Best answer: If other solutions do not work for you, a tall doorway in my house has a standard size storm door, accomplished by adding a header board over just the storm door.
posted by metasarah at 11:17 AM on August 22, 2022


We need it for ventilation with insect exclusion so plastic with holes drilled in won’t work.

It's meant to be an addition to the existing insect-stopping screen, or you could put insect mesh right against the rear of the plexiglass, essentially clamped between the door frame and the plexiglass.
posted by Stoneshop at 11:23 AM on August 22, 2022 [1 favorite]


Shadecloth is very tough stuff and should be about as good as ordinary mosquito mesh at keeping mosquitoes out.

It could be stretched and fixed across a door frame using the same method I used to put it up on my pergola: take apart a timber garden trellis to get a bunch of thin wooden strips, staple an edge of the cloth to a strip, then roll it around the strip twice so that there are two thicknesses of shadecloth on both sides.

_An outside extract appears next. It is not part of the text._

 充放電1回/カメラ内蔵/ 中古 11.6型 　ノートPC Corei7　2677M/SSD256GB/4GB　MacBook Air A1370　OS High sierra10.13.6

You'd need to cut corner notches out of the shadecloth patch before rolling the strips onto it, so that the strips make a plain rectangle with no bunched-up corners once they're all rolled on.

Screw the strips to the face of the doorframe with thin bugle headed plasterboard screws, one screw every four inches or so, going straight through the strip and all the shadecloth layers wrapped around it. On the door in the Home Depot image, the shadecloth fixing strips could go right next to the outside of the existing moulding, and the shadecloth would come out from under a fixing strip and stretch up and over the mouldings to the other side.

If you completely screw down a strip on one side of the gap, then pull the cloth taut using the strip on the opposite side as a handle while you fix that down, and you get the screws evenly spaced and more or less in line, this can be done very tidily. And because all the tension on the shadecloth is resisted by the whole edge of a rigid and thoroughly screwed-down strip, and not just by the places where the screws pierce the cloth, this assembly would be difficult for an angry adult to tear off the door without tools let alone a six year old.
posted by flabdablet at 11:32 AM on August 22, 2022


Response by poster: The door is made of fairly thin metal and there’s a limit to how much screwing can be done to it. So I can see how the screen door grille would work - four screws - but adding a new shade cloth screen would require more screws and would likely end poorly for the structural integrity of the storm door.

Header could work but is the header attached to the door or the frame? If frame, it would look really weird with the actual door itself occluded by the header.
posted by sciencegeek at 12:24 PM on August 22, 2022


Best answer: We added a screen door grill to thwart the kids and cat. Worked great!
posted by Wavelet at 12:38 PM on August 22, 2022 [5 favorites]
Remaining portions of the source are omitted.